We ran 21,000 agentic simulations. A blend of open-source models matched the top performers.
Most teams build around one model. Find the best, lock in, optimize around it. We tested the opposite: what happens when you route across multiple cost-efficient open-source models instead?
On over 21,000 simulations of one of the hardest agentic benchmarks available, that blend scored 90.9%, within 7 points of the single best model and ahead of every other model family we tested.
What we ran and what we found
Tau2-Bench from Sierra Research is a multi-turn agentic benchmark where models act as autonomous customer-service agents. They look up accounts, process payments, chain multiple tool calls in sequence, and follow a 5,000-word policy doc across full conversations. Binary pass/fail. Every candidate ran 10 complete passes across all 114 tasks (1,140 simulations each).
One of the instruments we tested is Text Prime. On The Grid, Text Prime is a standardized instrument designed for high-quality reasoning and complex tasks.
Instead of choosing a specific model from a specific provider, you purchase Units of the instrument. Each instrument defines a performance specification, including minimum intelligence, latency, and throughput requirements.
Multiple models and suppliers can serve requests for that instrument as long as they meet the specification. The system routes requests to qualifying suppliers behind the API, so developers interact with a consistent performance tier rather than managing individual models.
We wanted to see how that approach holds up against individual top models on a hard agentic benchmark.
Rank Model Provider Success Rate
---- -------------------- ---------------- ------------
1 GLM-4.7 Fireworks 97.9%
2-5 GLM-4.7 4 other providers 94.3–97.8%
6 Text Prime (blend) 6 providers 90.9%
7 Kimi-K2.5 Fireworks 86.1%
8 Kimi-K2.5 DeepInfra 84.4%
9 Kimi-K2.5 Together AI 83.2%
10 Kimi-K2 Thinking Novita 82.5%
... ... ... ...
19 MiniMax-M2P1 Fireworks 7.6%Text Prime is a weighted blend of frontier open-source models routed across 6 inference providers. Some of those individual models score in the low 80s on their own. Blended and weighted toward quality, the ensemble hits 90.9%, ahead of every Kimi-K2.5 deployment and every other model family tested.
What this means
Model performance is commoditizing at the top.
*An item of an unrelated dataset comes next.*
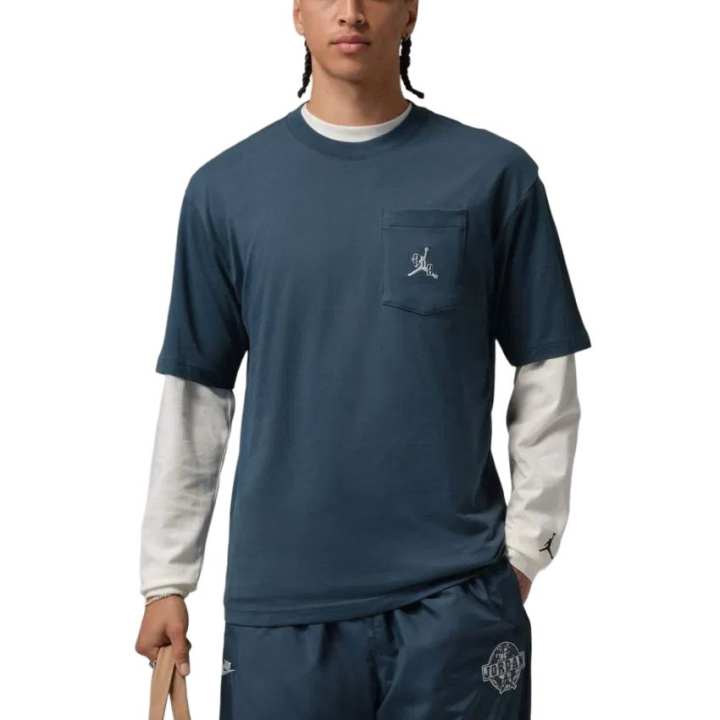 Jordan Jordan Air T Shirts Men's Squadron Blue/Ring Crew Neck Moderate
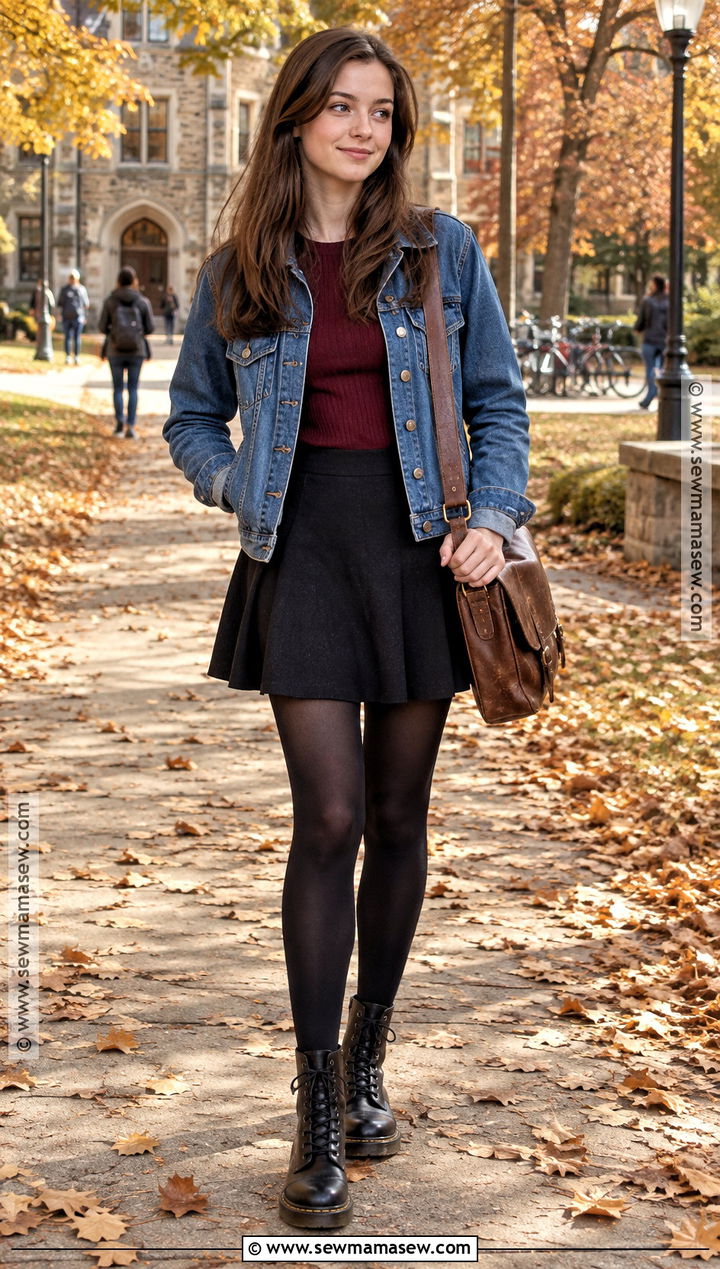 Rory Gilmore Denim Jacket And Black Skirt Outfit - 15 autumn outfits rory gilmore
Look at the table. GLM-4.7 scores between 94% and 98% across six different providers. Kimi-K2.5 scores between 82% and 86%. Text Prime, a routed blend, sits at 90.9%. The top 10 out of 19 configurations all score above 82% on a benchmark that involves tool chaining, policy adherence, and multi-turn state tracking. The frontier isn't one model pulling away from the pack. It's a cluster of capable models in the same performance neighborhood.
Open-source is ready for hard agentic workloads.
Every model inside Text Prime is open-source. A 90.9% success rate on binary-graded agentic tasks, the kind that require multiple sequential tool calls and strict policy compliance, puts open-source firmly in production territory. The gap between open-source and proprietary on real-world agent tasks is no longer a question of "if" but "how small."
When quality converges, the performance vs. cost trade-off becomes the real decision.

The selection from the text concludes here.